I recently spent a while looking at how different people had designed their probability calibration exercises (for ideas on how to design my own), and they turned out to be quite difficult to find. Many of the best ones were the least advertised and hardest to locate online. I figured I'd compile them all here in case anyone else finds themselves in a similar position. Please let me know about any I missed and I'll add them to the post. Many of these are old and no longer maintained, so no guarantees as to quality.
https://www.openphilanthropy.org/calibration or https://80000hours.org/calibration-training/ (Different URLs for same application.)
Funny timing. I'm actually in the process of working on https://calibration-training.netlify.app/ and am planning to post some sort of initial alpha release sort of thing to LessWrong soon! I need to seed the database with more questions first though. Right now there are only 10. I have a script and approach that should make it easy enough to get tens of thousands soon enough. This is helpful though. I'll look through the existing resources and see if there's anything I can use to improve my app.
The Open Philanthropy and 80,000 Hours links are for the same app, just at different URLs.
I made an Android app based on http://acritch.com/credence-game/ you can find here.
And funny timing for me too, I just hosted a web version of the Aumann Agreement Game at https://aumann.io/ (Most likely more riddled with bugs than a dumpster mattres) last week and was holding off testing it until I had some free time to post about it.
This looks super neat, thank you for sharing. I just did a quick test and can confirm that it is in fact riddled with bugs. If it would help, I can write up a list of what needs fixing.
That would be helpful if you have the time, thanks!
Well the biggest problem is that it doesn't seem to work. I tested in a 2-player game where we both locked in an answer, but the game didn't progress to the next round. I waited for the timer to run out, but it still didn't progress to the next round, just stayed at 0:00. Changes in my probability are also not visible to the other players until I lock mine in.
A few more minor issues:
Thanks! I'll look into these. Refactoring the entire frontend codebase is probably worth it, considering I wrote it months ago and it's kinda embarrassing to look back at.
This is fantastic. We used Critch's calibration game and the Metaculus calibration trainer for our our Practical Decision-Theory course but it's always good to have a very wide variety of exercises and questions.

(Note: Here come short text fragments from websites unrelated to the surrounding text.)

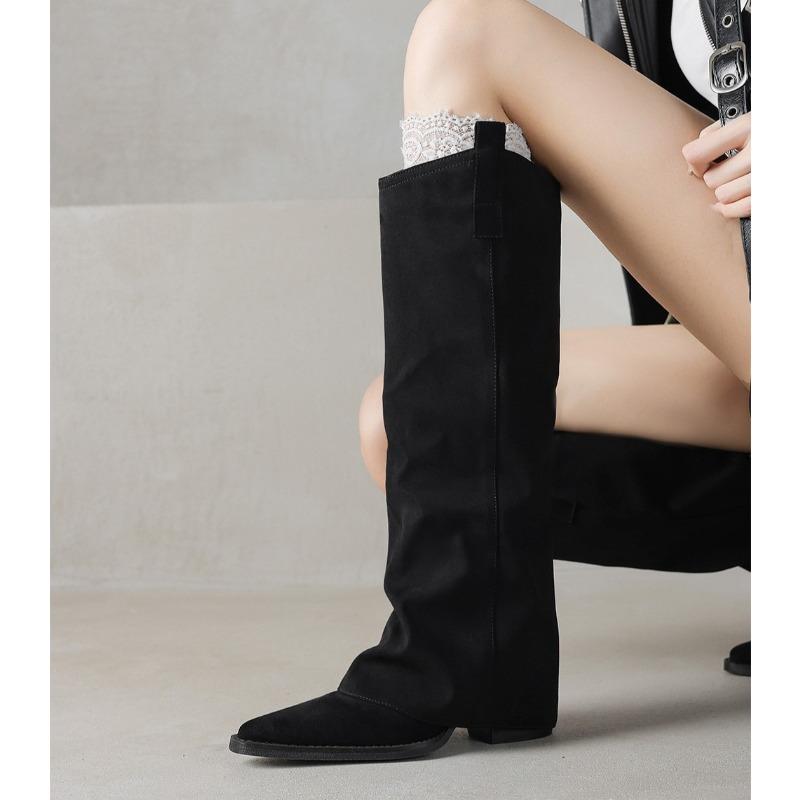 Knee High Heels Women Boots Leather Chunky Fashion Shoes Pointed Toe Snow Long Boots New Designer Pumps Punk Chelsea Botas Mujer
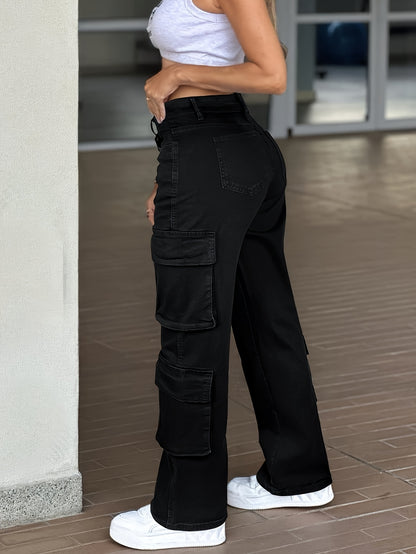 Jean cargo taille haute pour femme – Pantalon en jean multipoches style workwear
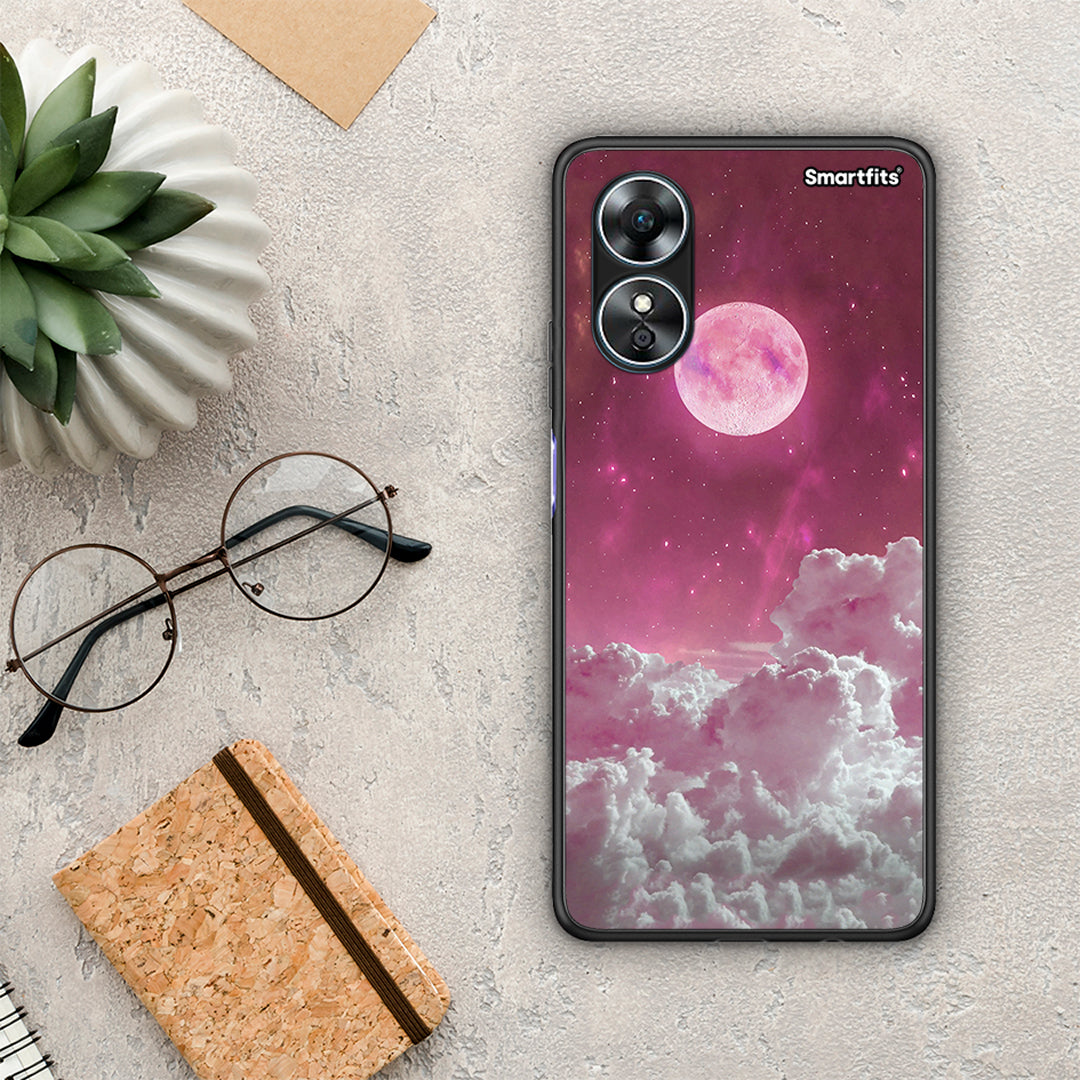 Θήκη Oppo A17 Pink Moon από τη Smartfits με σχέδιο στο πίσω μέρος και μαύρο περίβλημα | Oppo A17 Pink Moon Case with Colorful Back and Black Bezels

It would be nice if you wrote a short paragraph for each link, "requires download", "questions are from 2011", or you sorted the list somehow :)

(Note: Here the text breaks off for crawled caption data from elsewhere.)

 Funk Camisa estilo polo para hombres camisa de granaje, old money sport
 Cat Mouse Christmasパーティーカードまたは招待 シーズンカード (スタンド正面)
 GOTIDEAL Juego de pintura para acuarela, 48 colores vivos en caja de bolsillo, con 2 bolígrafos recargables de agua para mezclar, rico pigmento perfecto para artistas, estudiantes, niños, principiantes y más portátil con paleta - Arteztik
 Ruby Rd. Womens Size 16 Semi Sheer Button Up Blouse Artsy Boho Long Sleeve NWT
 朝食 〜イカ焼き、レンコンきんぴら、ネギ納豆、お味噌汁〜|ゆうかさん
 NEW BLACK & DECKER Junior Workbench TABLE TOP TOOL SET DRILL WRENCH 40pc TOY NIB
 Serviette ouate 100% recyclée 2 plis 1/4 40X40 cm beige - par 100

Metaculus has a calibration tutorial too: https://www.metaculus.com/tutorials/
I've been thinking about adding a calibration exercise to https://manifold.markets as well, so I'm curious: what makes one particular set of calibration exercises more valuable than another? Better UI? Interesting questions? Legible or shareable results?

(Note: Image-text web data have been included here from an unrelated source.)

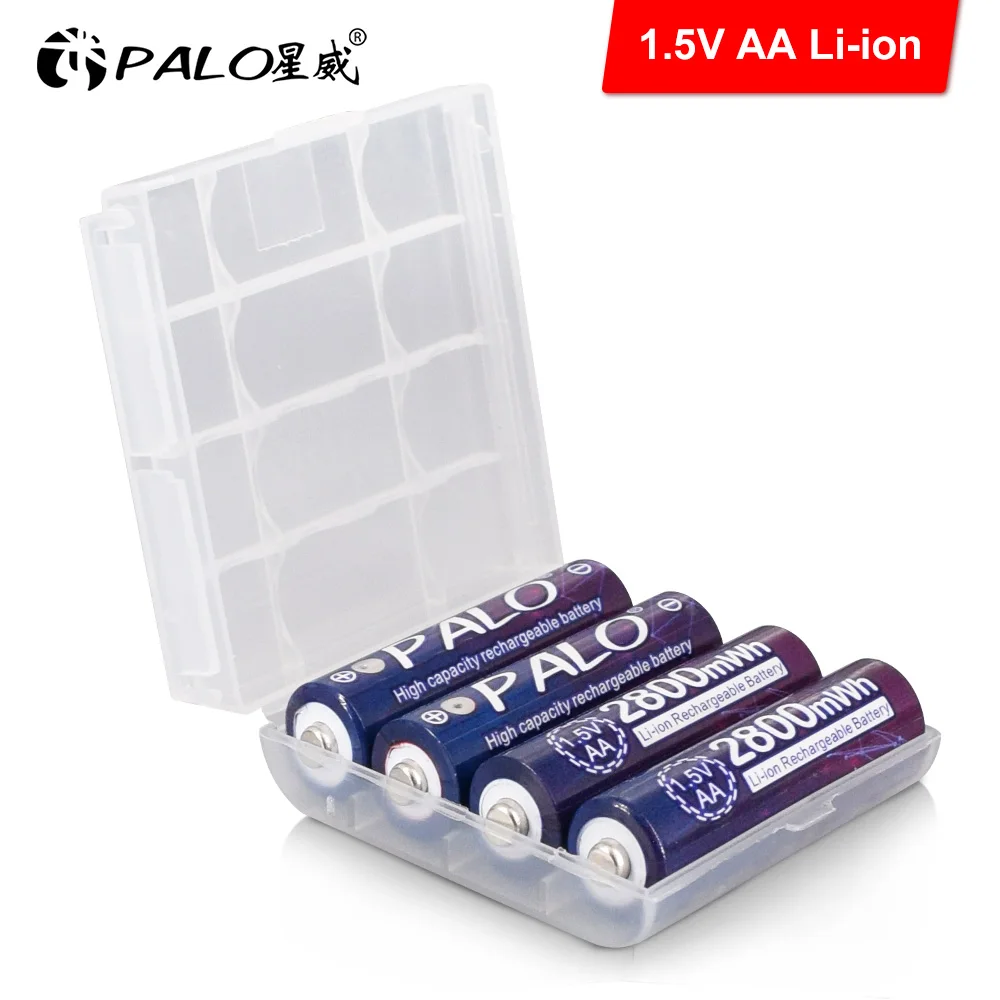 PALO 1.5V AA Li-ion Rechargeable Battery AA 1.5V 2800mWh lithium AA li-ion rechargeable battery Bateria AA 1.5V for thermometer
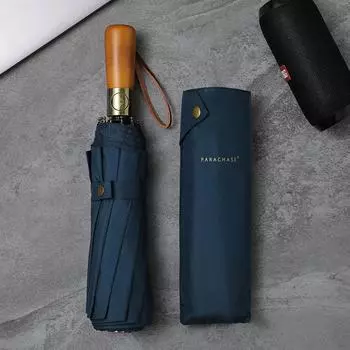 PARACHASE Korean Style Double Layer Windproof Umbrella for Two - Solid Wood Handle, Automatic Open, Large Size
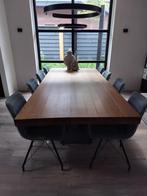 8 eetkamerstoelen, kleur blauw, Ophalen, Gebruikt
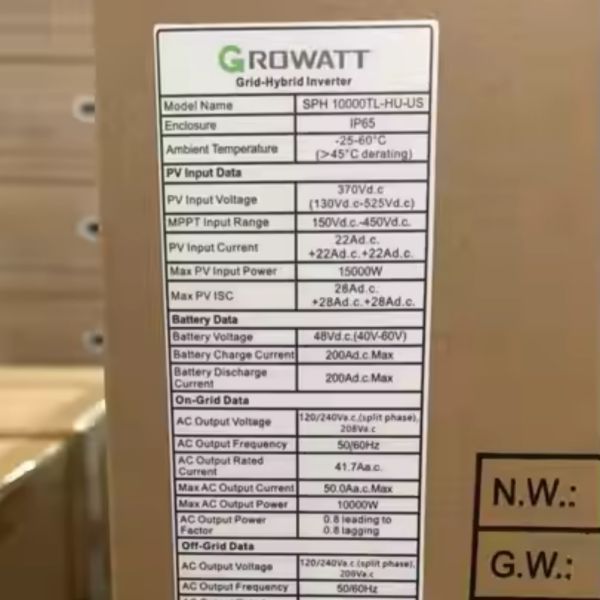 Growatt Inverters 10Kw 12Kw Split Phase Off Grid Hybrid Pure Sine Wave Inverter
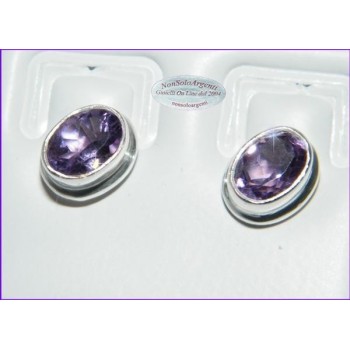 NSA|Argento 925 : Orecchini punto luce Ovale Ametista Viola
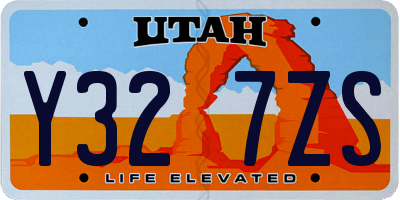 UT license plate Y327ZS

Questions about a topic that I don't know about result in me just putting the max entropy distribution on that question, which is fine if it's rare, but leads to unhelpful results if they make up a large proportion of all the questions. Most calibration tests I found pulled from generic trivia categories such as sports, politics, celebrities, science, and geography. I didn't find many that were domain-specific, so that might be a good area to focus on.
Some of them don't tell me what the right answers are at the end, or even which questions I got wrong, which I found unsatisfying. If there's a question that I marked as 95% and got wrong, I'd like to know what it was so that I can look into that topic further.
It's easiest to get people to answer small numbers of questions (<50), but that leads to a lot of noise in the results. A perfectly calibrated human answering 25 questions at 70% confidence could easily get 80% or 60% of them right and show up as miscalibrated. Incorporating statistical techniques to prevent that would be good. (For example, calculate the standard deviation for that number of questions at that confidence level, and only tell the user that they're over/under confident if they fall outside it.) The fifth one in my list above does something neat where they say "Your chance of being well calibrated, relative to the null hypothesis, is X percent". I'm not sure how that's calculated though.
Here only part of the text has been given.